TalAter / annyang

:speech_balloon: Speech recognition for your site
https://www.talater.com/annyang/
MIT License
6.57k stars 1.05k forks source link

Handling misrecognitions and getting lisp friendly #425

Closed The-Linguist closed 3 years ago

The-Linguist commented 3 years ago

In most cases the success rate and the accuracy of speech recognition is just amazing. However there are times like when "I scream" can be recognized as "ice cream" or vice versa. Or like "real eyes" and "realize" and "real lies" etc. Another thing is that the user could have a lisp and could only say "three" when he tries to say "tree". Therefore, in order to let the user have a "perfect experience", it is essential to forgive mispronunciations and work around misrecognitions. The more tests I do, the more obligation I feel towards including possible mistakes/mismatches in the code. For example,

    var commands =    {
      'tree': functionOfWhatToDoWhenUserSaysTree,
      'three': functionOfWhatToDoWhenUserSaysTree,
      'free': functionOfWhatToDoWhenUserSaysTree
      // ... this list could get long for certain words and phrases! Especially in non-english situations.
    };
    annyang.addCommands(commands);

What I would like to be able to do is, shorten that code so that one single string would contain all such possibilities. And thus everything would fit in one single line. The code would then look something like, var commands = { 'tree OR three OR free': functionOfWhatToDoWhenUserSaysTree }; or more simply var commands = { 'tree, three, free': functionOfWhatToDoWhenUserSaysTree }; or anything instead of using commas or turning capital 'OR' into a keyword.

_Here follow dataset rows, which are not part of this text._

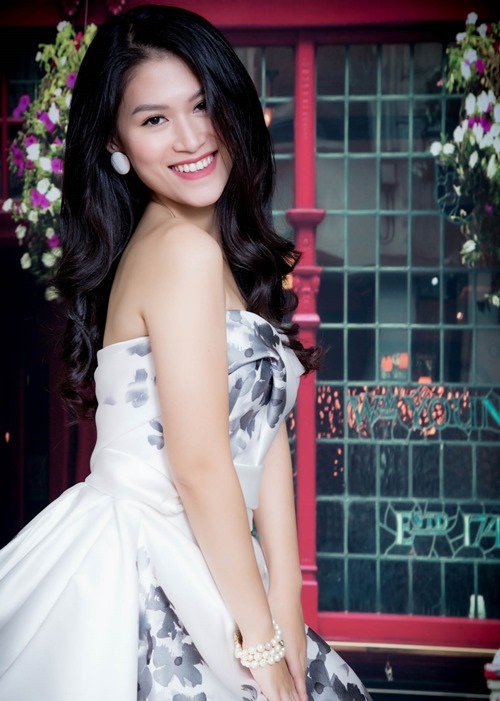 Dương Triệu Vũ khoe &#34;ảnh cưới&#34; với Ngọc Thanh Tâm - 5
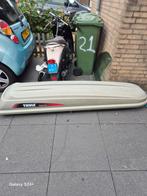 Thule Polar 500 Dakbox, Auto diversen, Ophalen of Verzenden, Gebruikt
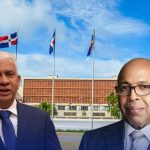 PRM ratifica a Ricardo de los Santos y Alfredo Pacheco al frente del Congreso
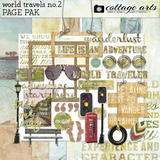 World Travels Collection 3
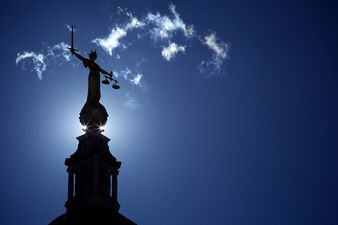 An 11-year-old Boy Has Become The UK’s Youngest Sex Offender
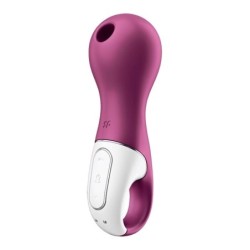 Stimulateur de clitoris Lucky Libra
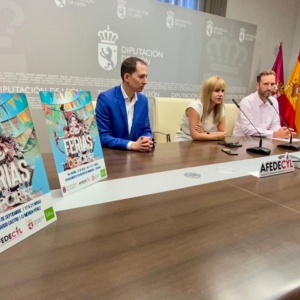 Ferias del Deporte 3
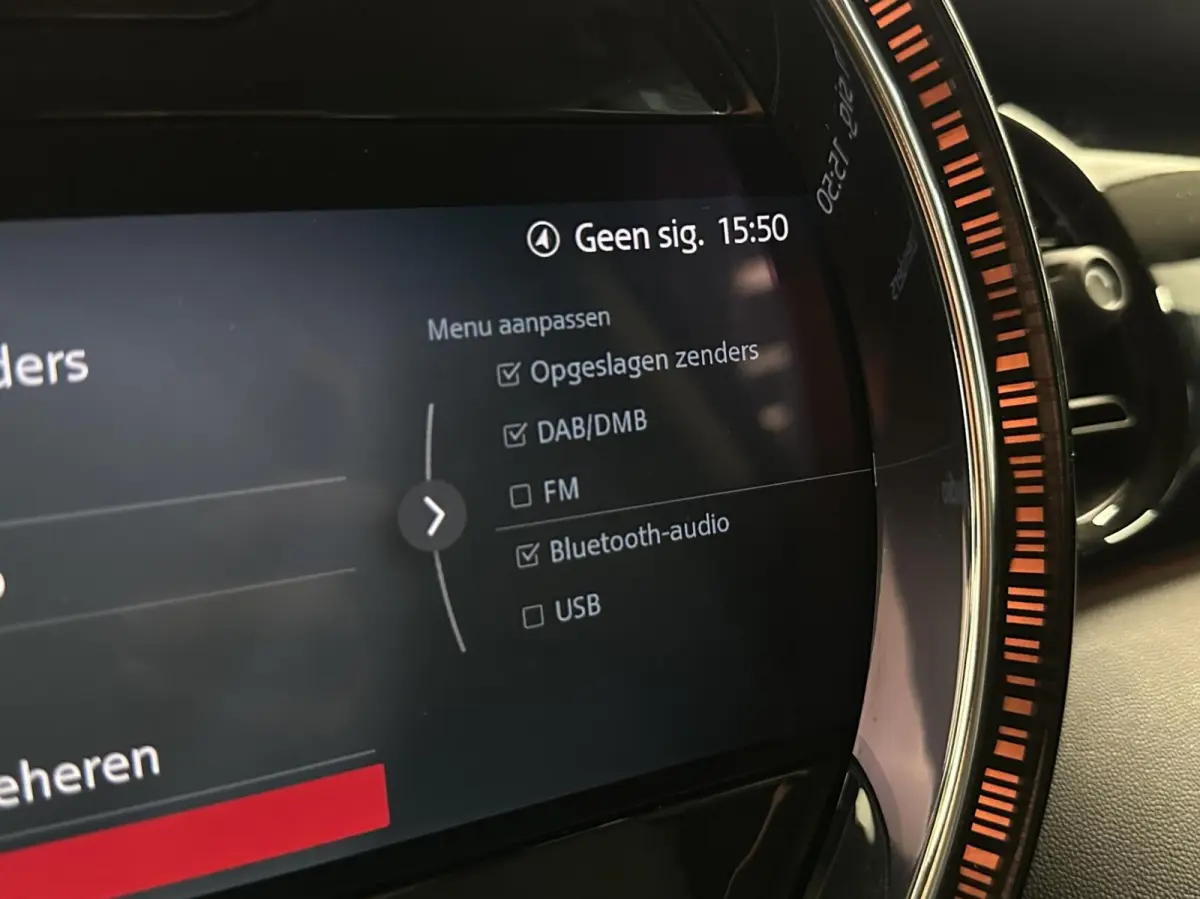 1.5 Cooper Business Edition|Carplay|Navi|Airco|Cruise|NAP|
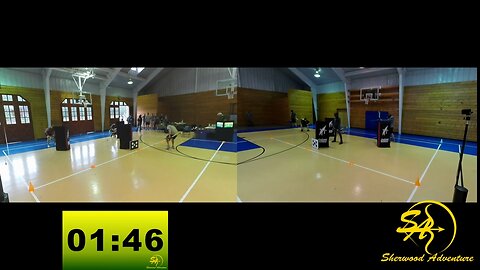 T23 - Thrive 2023 Group A Round 1
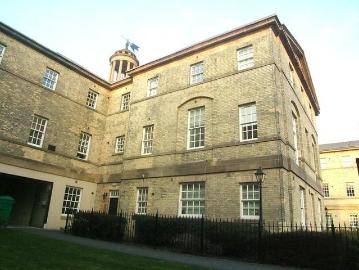 1 bedroom flat for sale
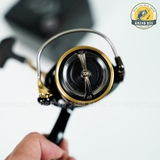 Máy Câu Daiwa BALLIATIC JAPAN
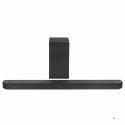 Soundbar Samsung HW-Q600F/EN 3.1.2 kan. 380W Bluetooth 4.2 Dolby Atmos Czarny
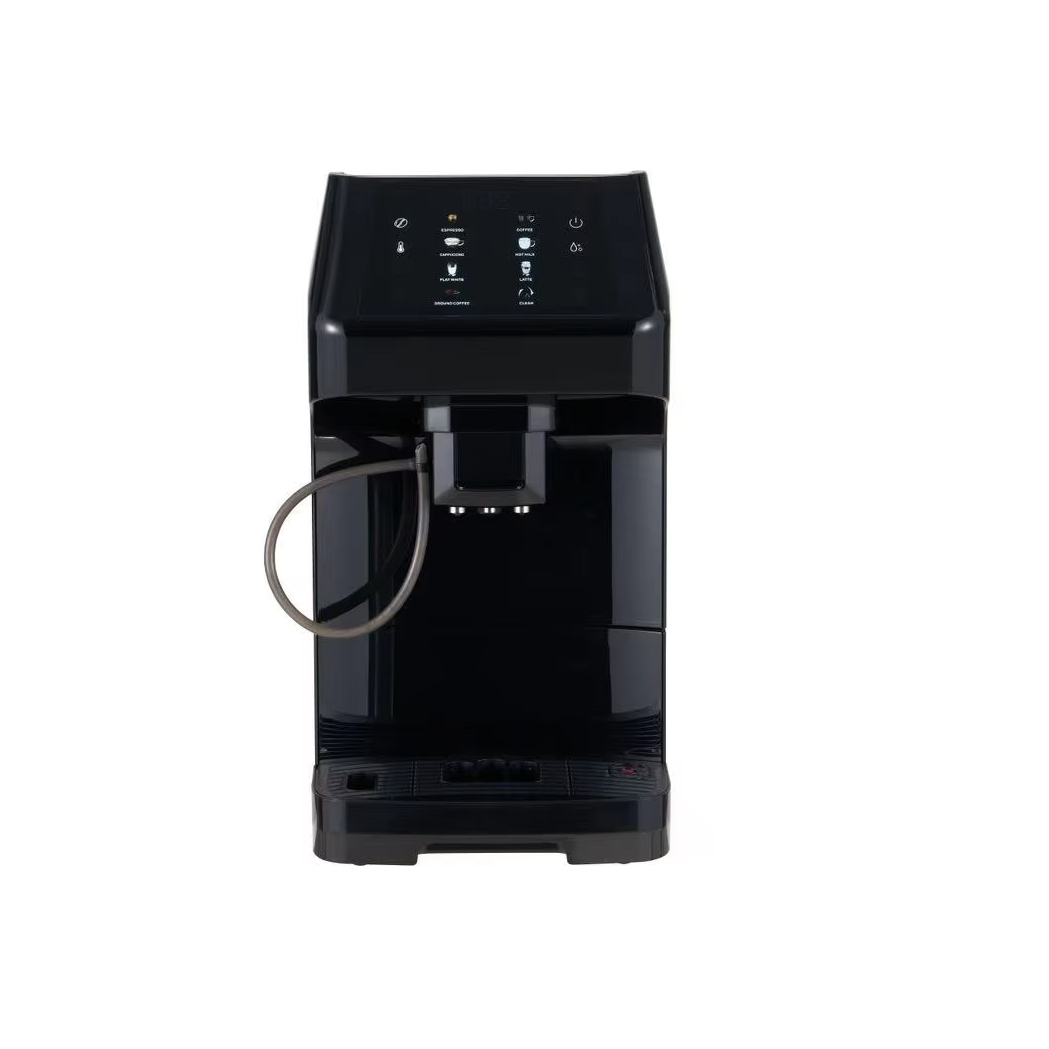 Кофемашина автоматическая Bean – обзор и цена Coffee & Tea Difabis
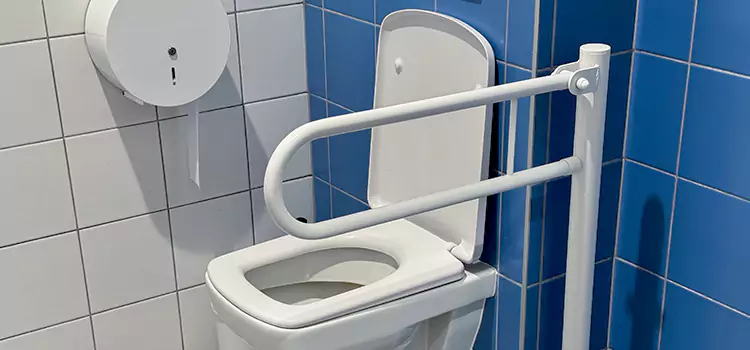 Comprehensive Solutions in Ponca City, OK for Accessible Facilities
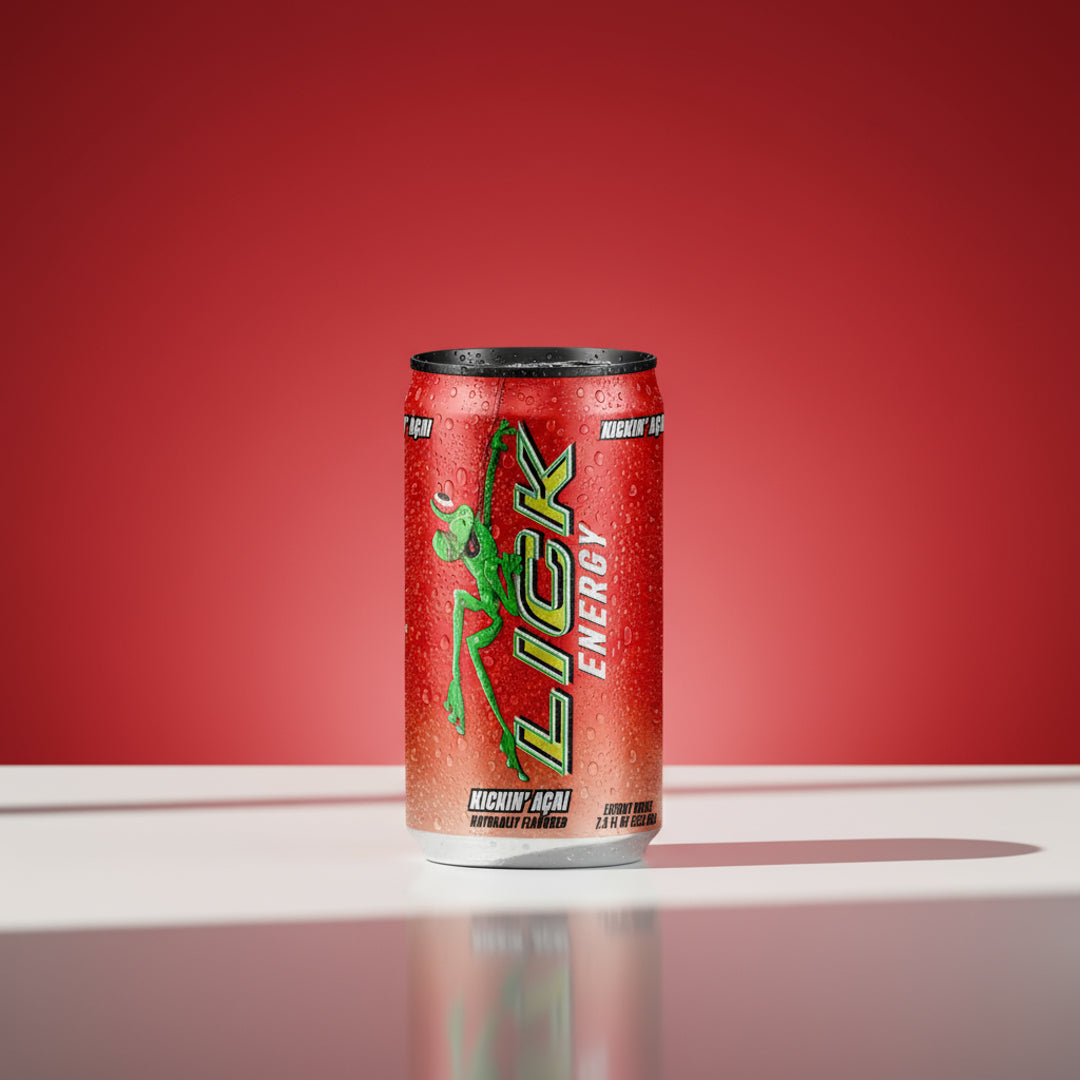 Kickin' Açai - 7.5 oz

That would be nice and useful for everyone, wouldn't it? Sorry if that is already possible and I just didn't know. This issue may be closed if there already has been a way to do it.

TalAter commented 3 years ago

Hey @The-Linguist

The basic syntax for defining commands is relatively simple and doesn't support that. But there is a solution.

You can define alternative transcriptions (and much more) by using regular expressions to define your commands.

For example:

const commands = {
  'favorite tree': {'regexp': /^What is your favorite (tree|three|free)$/, 'callback': functionOfWhatToDoWhenUserSaysTree}
}
The-Linguist commented 3 years ago

Thank you @TalAter . Your support is awesome.

I have come up with a minimalist solution. See https://github.com/TalAter/annyang/issues/426

TalAter commented 3 years ago

By the way, the browser's speech recognition engine doesn't return only a single result for what it thinks you said. It will return a few and annyang matches the top 5 possible phrases against your commands. So some of those alternatives might be caught automatically without you having to write all the alternatives.

CleanShot 2020-08-01 at 14 20 08@2x

The-Linguist commented 3 years ago

That's great . Definitely makes our apps MUCH more usable. Nevertheless, my tests show that the programmer's intervention can still be necessary to bring things closer to perfect. That is, especially when the browser is listening to human speech that is not in English. In Japanese, for instance, there are 10 different possible Kanji characters that are all pronounced "Ki" and another 10 for just "Hi". Your kindness and “being concerned” is appreciated. Regards!